**** Supplied records

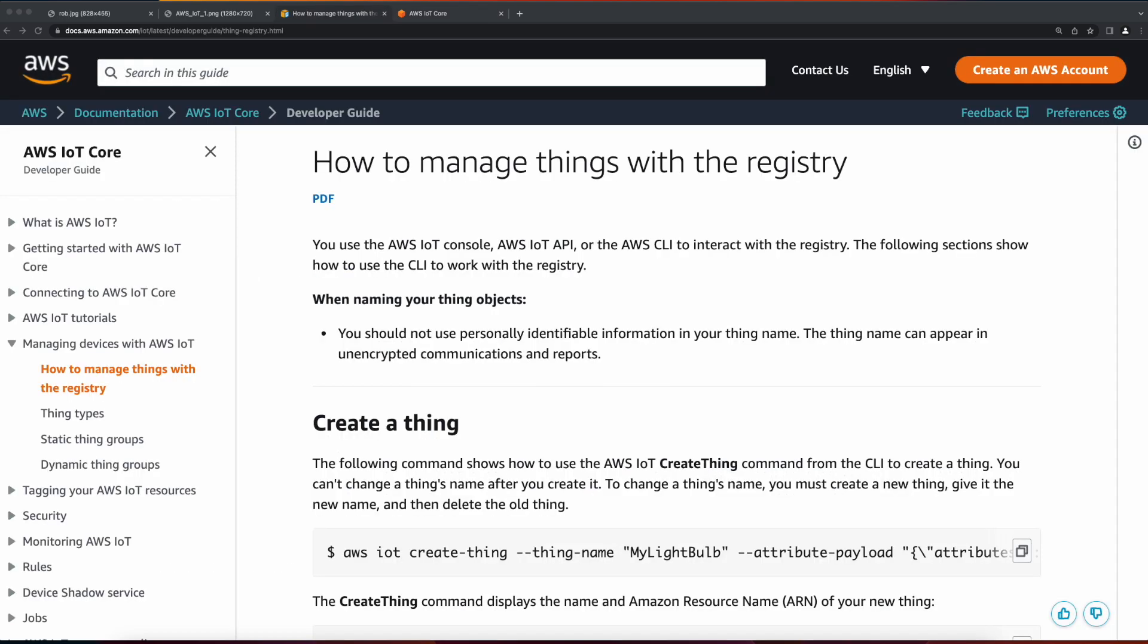The IoT Core registry establishes identities for connected devices and tracks their metadata, such as the device's attributes and capabilities. It's the registry that's used for configuring and connecting devices to IoT Core.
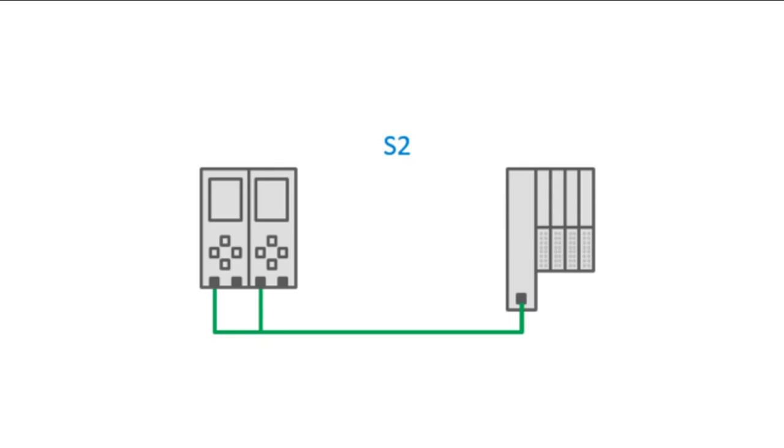For most applications, S2 is enough, but if needed, hardware that supports higher levels of redundancy can be used.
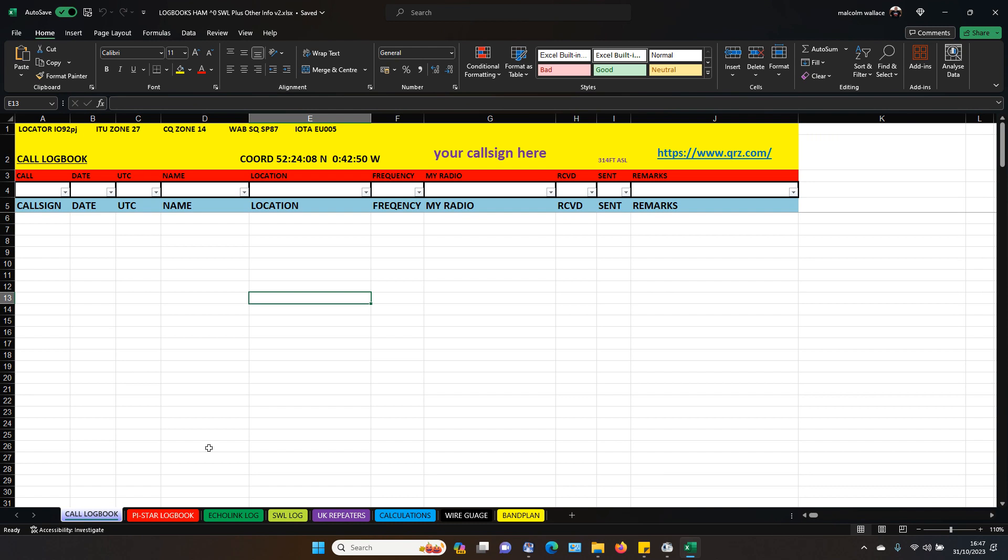Hello. This is the logbook I made. It's a multiple logbook. There's a few here. You've got your cool logbook. You can put all your information in there.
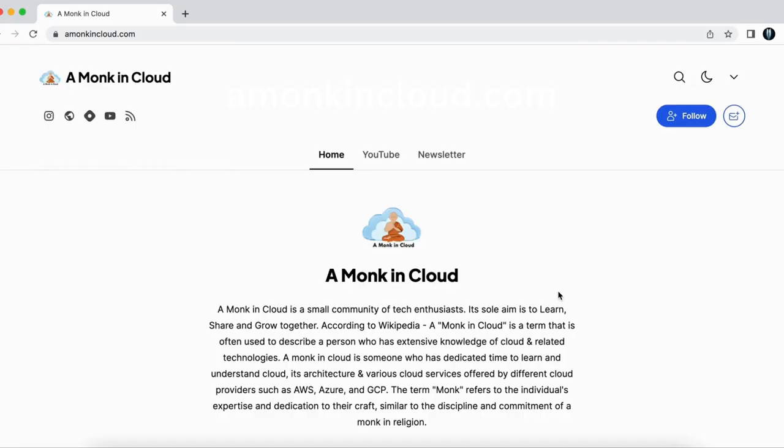You can now access the main points of this video on our website, amongkincloud.com by clicking the link in the video description.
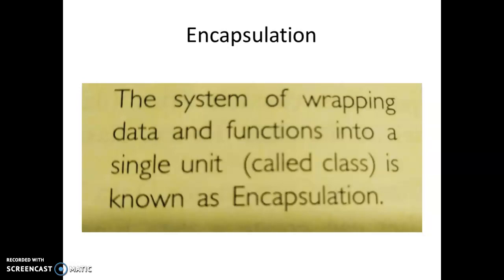Capsule — you know, inside a capsule there is some medicine. So here encapsulate means wrapping some data and functions all together, and that container is called Class, and this mechanism is called Encapsulation.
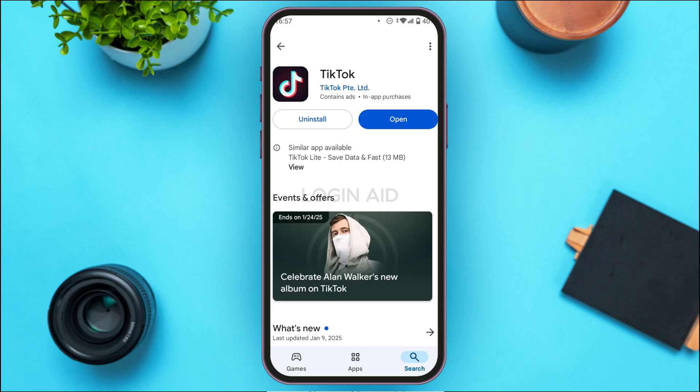You can see two options: Uninstall and Open. If your application is not updated, instead of the Open option you'll find the option for Update — all you have to do is tap on it. After that your application will be updated and your problem should be fixed. But if the problem is still not fixed, it might be because of your device.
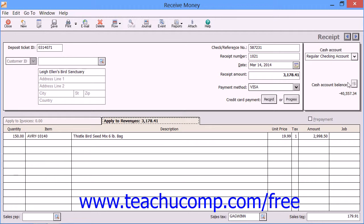At the bottom of the Receive Money window, you would select the Apply to Revenues tab to enter items purchased that are not associated with any outstanding invoices. When a customer without open invoices is selected, this tab automatically comes forward over the other tab. Customer deposits made in advance, such as prepayments, can be taken on this tab by simply checking the Prepayment checkbox.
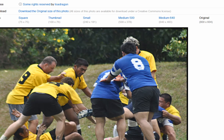It says 'some rights reserved.' So when I download the image and upload it into a blog, onto my Facebook page, or include it in a presentation, what I then do is put a source for the image — a link back and a reference back to Lisa Dragon and also a link back to the specific page on Flickr where I found that image.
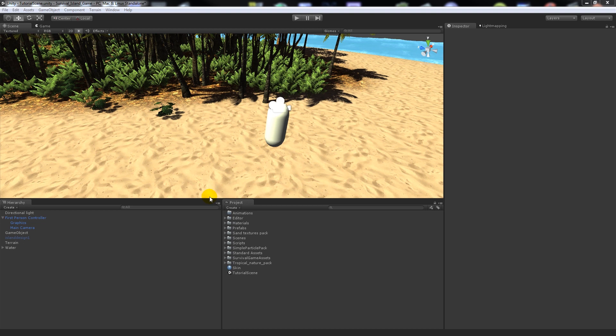This is part three of the survival series of tutorials. For this one I need to cover importing animations and arms and controlling the player, so that we can then move on to the tree cutting tutorial, which follows along nicely.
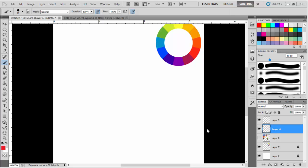Hello guys, welcome to another tutorial. In this tutorial we will discuss how to blend colors in Photoshop. I'm using Photoshop CS5, as you can see on my screen.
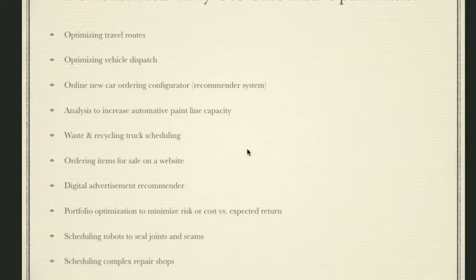Portfolio optimization to minimize risk or costs versus expected returns — by the way, that's one of my favorites. Scheduling robots to seal joints and seams in a manufacturing facility, where the robots have a choice on which seams to close first, or scheduling complex repair shops.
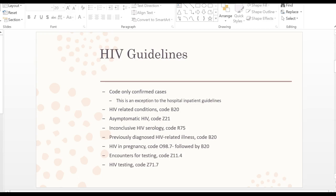First, let's talk about coding HIV or AIDS. There are quite a few guidelines to know. The most important one is that we can only code confirmed cases. This is different from our general inpatient coding guidelines that allow us to code probable, possible, likely, suspected, or rule out. We cannot do that when coding AIDS or HIV. Do not assign a patient code B20, the AIDS or HIV-related condition code, if it's not confirmed by the physician.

********

Without the pictures, repeat the entries above line by line, from the first through the one that contains "You can see two", both ends included.

• _Response to this task_
The IoT Core registry establishes identities for connected devices and tracks their metadata, such as the device's attributes and capabilities. It's the registry that's used for configuring and connecting devices to IoT Core.
For most applications, S2 is enough, but if needed, hardware that supports higher levels of redundancy can be used.
Hello. This is the logbook I made. It's a multiple logbook. There's a few here. You've got your cool logbook. You can put all your information in there.
You can now access the main points of this video on our website, amongkincloud.com by clicking the link in the video description.
Capsule — you know, inside a capsule there is some medicine. So here encapsulate means wrapping some data and functions all together, and that container is called Class, and this mechanism is called Encapsulation.
You can see two options: Uninstall and Open. If your application is not updated, instead of the Open option you'll find the option for Update — all you have to do is tap on it. After that your application will be updated and your problem should be fixed. But if the problem is still not fixed, it might be because of your device.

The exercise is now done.